4. Each Shareholder agrees and acknowledges that:
(a) InterCept is not obligated to effect the registration of the shares
held by the Shareholders on the Resale S-3.
(b) InterCept may withdraw or terminate the registration at any time for
any reason or for no reason at all and, if such event occurs, InterCept shall
have no further obligation to the shareholders to register the shares of common
stock held by them, except pursuant to the March Agreement.

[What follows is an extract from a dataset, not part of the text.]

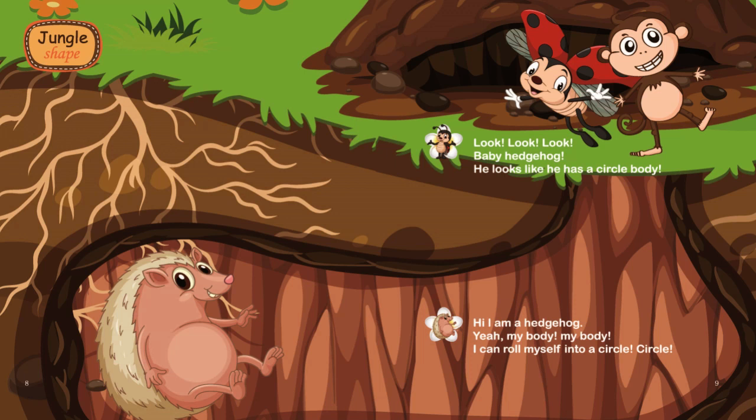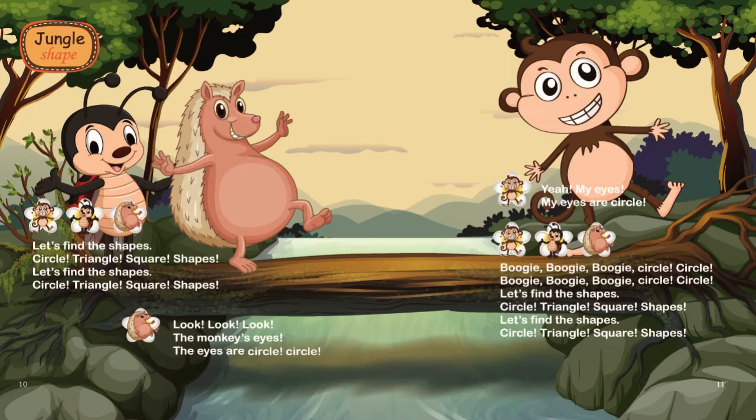Hi, I am a hedgehog. Yeah, my body, my body. I can roll myself into a circle, circle. Let's find the shapes: Circle, Triangle, Square, Shapes.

(c) The shares of common stock held by such Shareholder were acquired
pursuant to the Acquisition and Merger Agreement dated March 9, 1999 by and
between InterCept and the Shareholders.
(d) Such Shareholder has not entered into any agreements, understandings or
arrangements with any underwriters or broker-dealers regarding the sale of these
shares, nor is there an underwriter or coordinating broker acting in connection
with the proposed sale of these shares.
(e) During the time the Shareholders are engaged in a distribution of the
shares to be registered, they are required to comply with Regulation M under the
Securities Exchange Act of 1934, including the provisions contained therein that
prohibit the Shareholders, any affiliated purchasers and other persons who
participate in such a distribution from bidding for or purchasing, or attempting
to induce any person to bid for or purchase, any security which is the subject
of the distribution until the entire distribution is complete.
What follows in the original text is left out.